The New York DFS finalized its new AML and Sanctions screening regulations.

Interestingly, the NYDFS backed off its original proposal to require a Chief Compliance Officer to certify to a compliance “finding” that the bank or other covered entities maintain an adequate AML and sanctions compliance program. In its place, the NYDFS regulations require an annual certification from senior management, i.e. those responsible for “management, operations, compliance, and/or risk”) or the board of directors through a board resolution.

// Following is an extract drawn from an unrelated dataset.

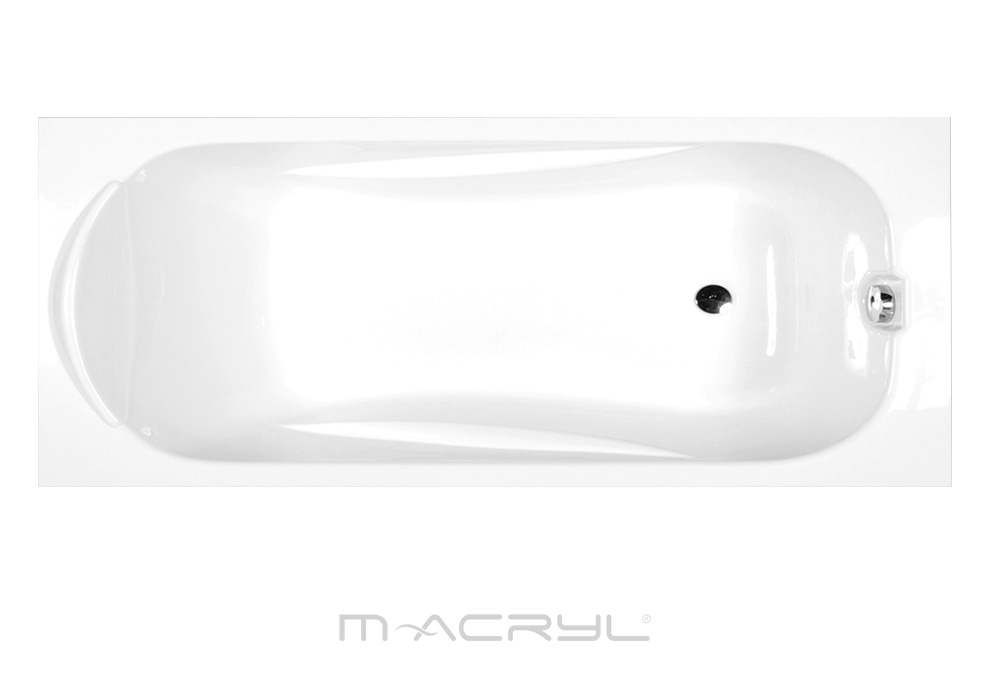 M-Acryl Sortiment egyenes akril kád felülnézet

The board or senior officer(s) must certify that (1) they have reviewed documents, reports, certifications, and so forth as necessary to adopt the board resolution or compliance finding; (2) they have taken “all steps necessary to confirm” that the institution has transaction monitoring and OFAC filtering programs that comply with the regulation; and (3) to the best of their knowledge, the programs comply with the regulation. An institution must maintain records and data underlying the compliance finding for a period of five years.

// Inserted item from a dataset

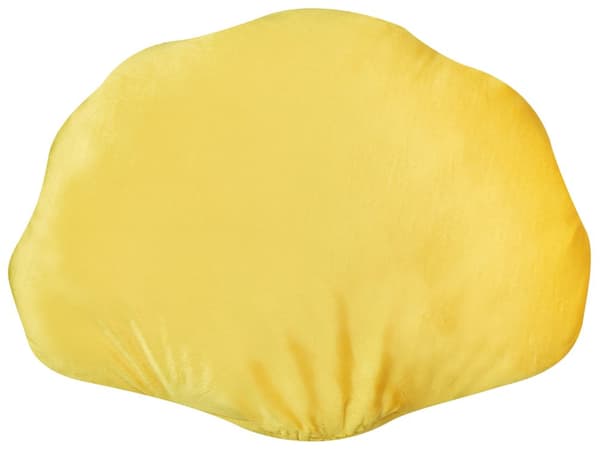 Sæt med 2 puder shell gul velour dekorativ pude marine stil til stuen plys blød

The new regulations go into effect on January 1, 2017. The first annual compliance finding will be due on April 15, 2018.

No one should be surprised by the certification requirement. The NYDFS proposed the certification requirement in its original December 2015 proposal. Such certifications are becoming more commonplace. The HHS-OIG is imposing such certifications from senior officers and board members as part of Corporate Integrity Agreements. Given the interest is promoting accountability, I would expect prosecutors and regulators to embrace certification requirements in relevant circumstances.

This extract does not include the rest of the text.